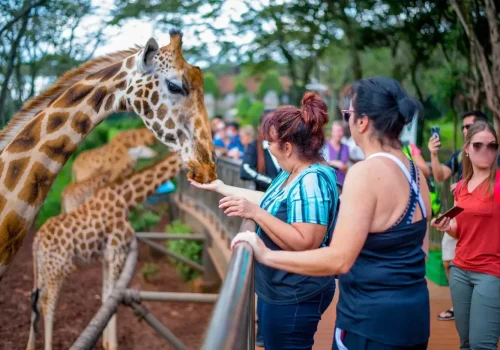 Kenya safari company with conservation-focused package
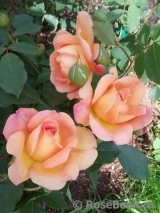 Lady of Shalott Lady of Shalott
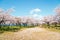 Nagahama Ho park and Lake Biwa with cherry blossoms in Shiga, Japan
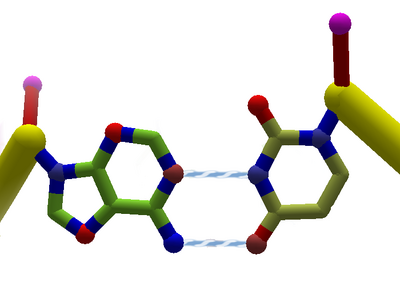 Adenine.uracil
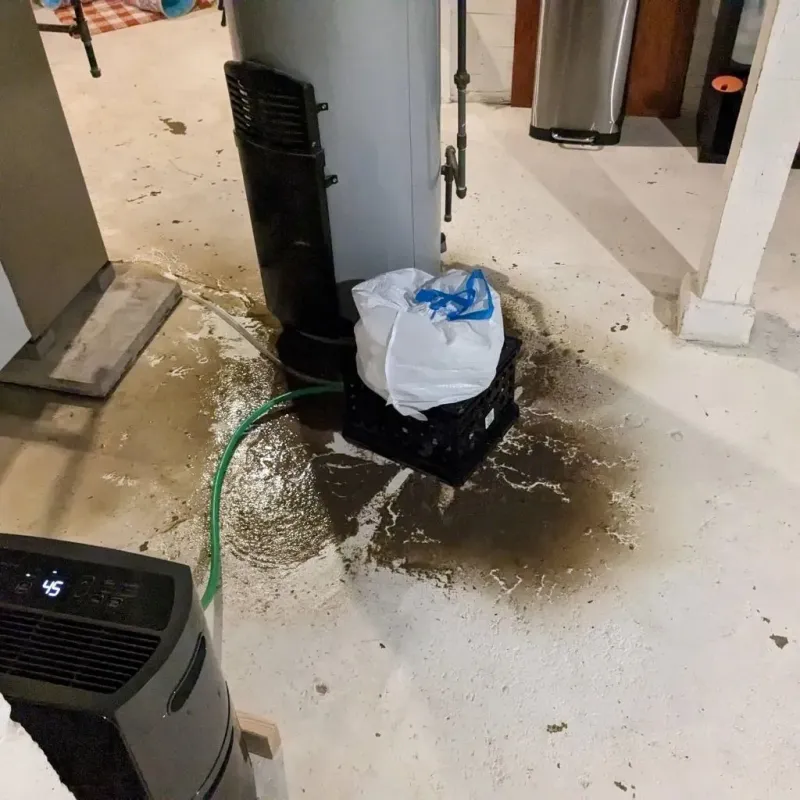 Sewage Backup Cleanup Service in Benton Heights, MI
============================================================
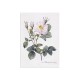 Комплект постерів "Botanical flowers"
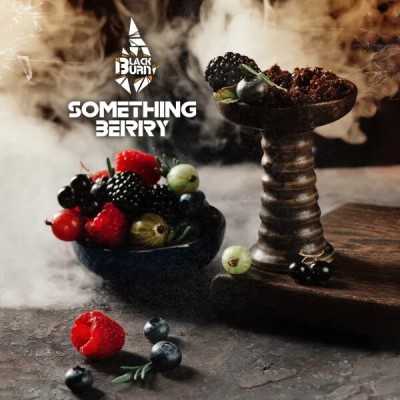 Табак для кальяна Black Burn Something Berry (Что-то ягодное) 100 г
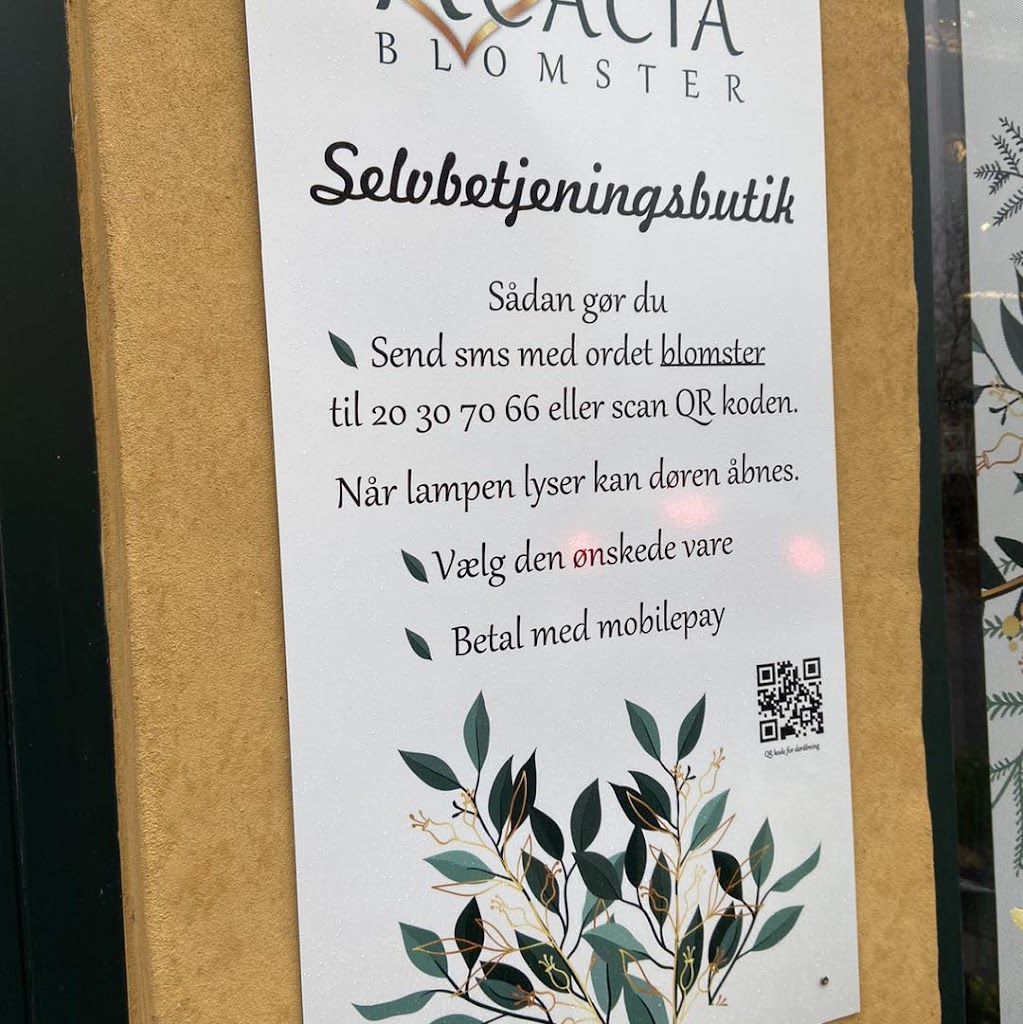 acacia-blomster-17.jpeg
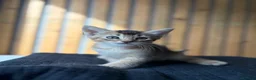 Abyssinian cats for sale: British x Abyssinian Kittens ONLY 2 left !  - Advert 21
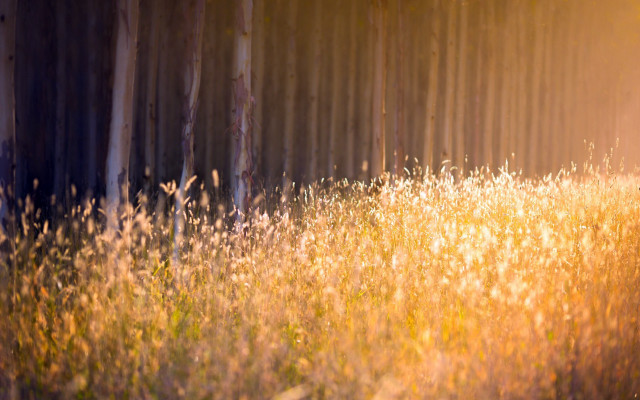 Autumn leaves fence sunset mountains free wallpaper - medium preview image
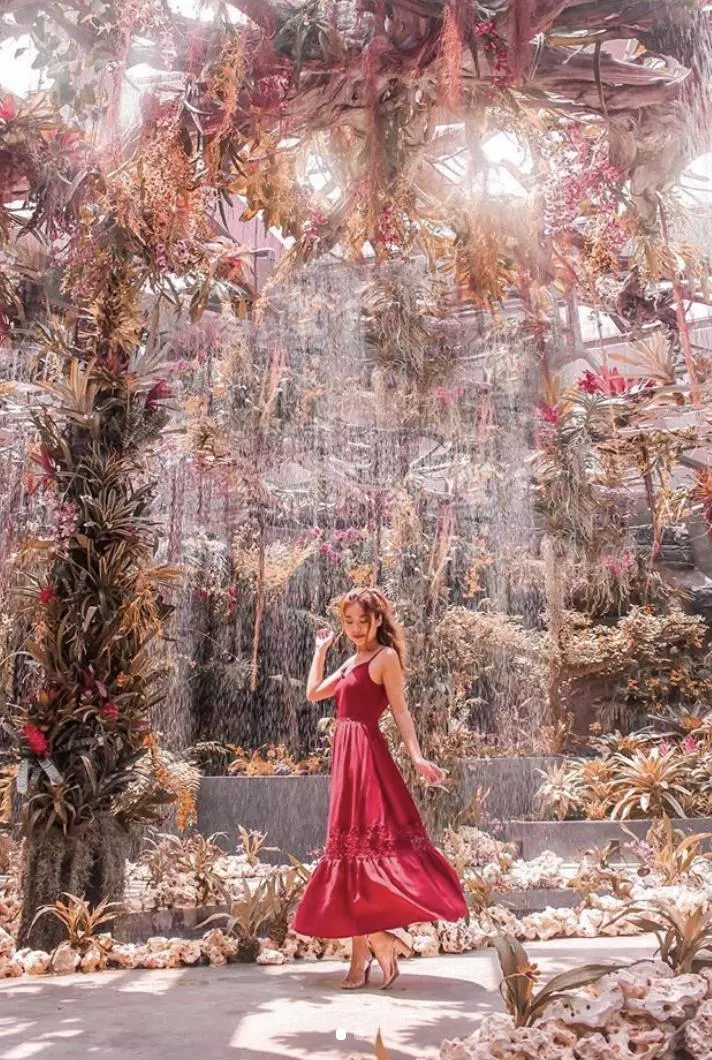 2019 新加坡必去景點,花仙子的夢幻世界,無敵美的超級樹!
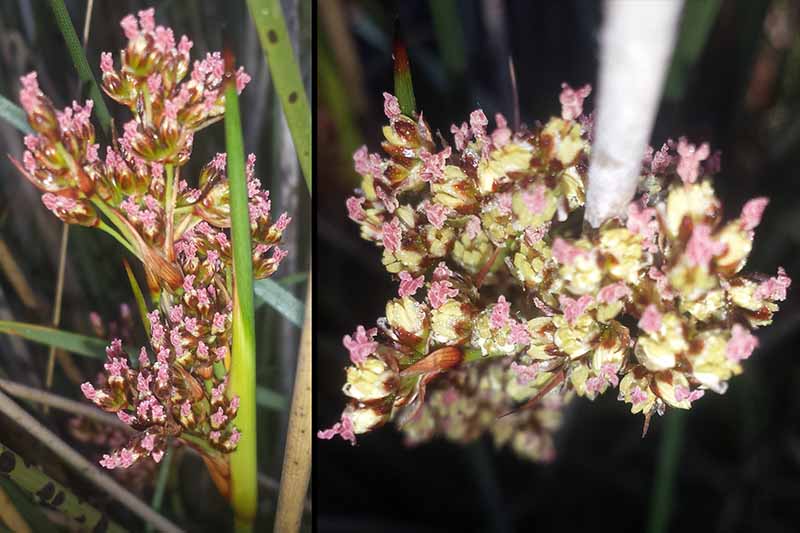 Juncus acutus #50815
============================================================
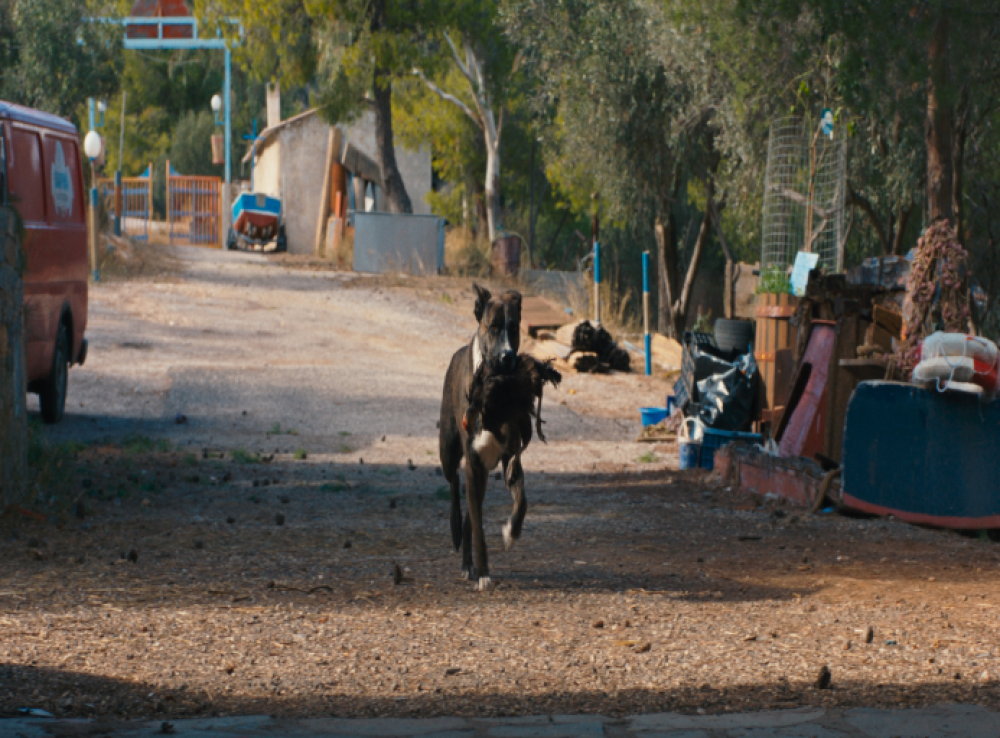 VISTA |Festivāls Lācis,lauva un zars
============================================================
* To do: In the listing above, find the line containing "Autumn leaves fence" and the line containing "Juncus acutus #50815"; print those lines and every line between them exactly, leaving out pictures.

* Result:
 Autumn leaves fence sunset mountains free wallpaper - medium preview image
 2019 新加坡必去景點,花仙子的夢幻世界,無敵美的超級樹!
 Juncus acutus #50815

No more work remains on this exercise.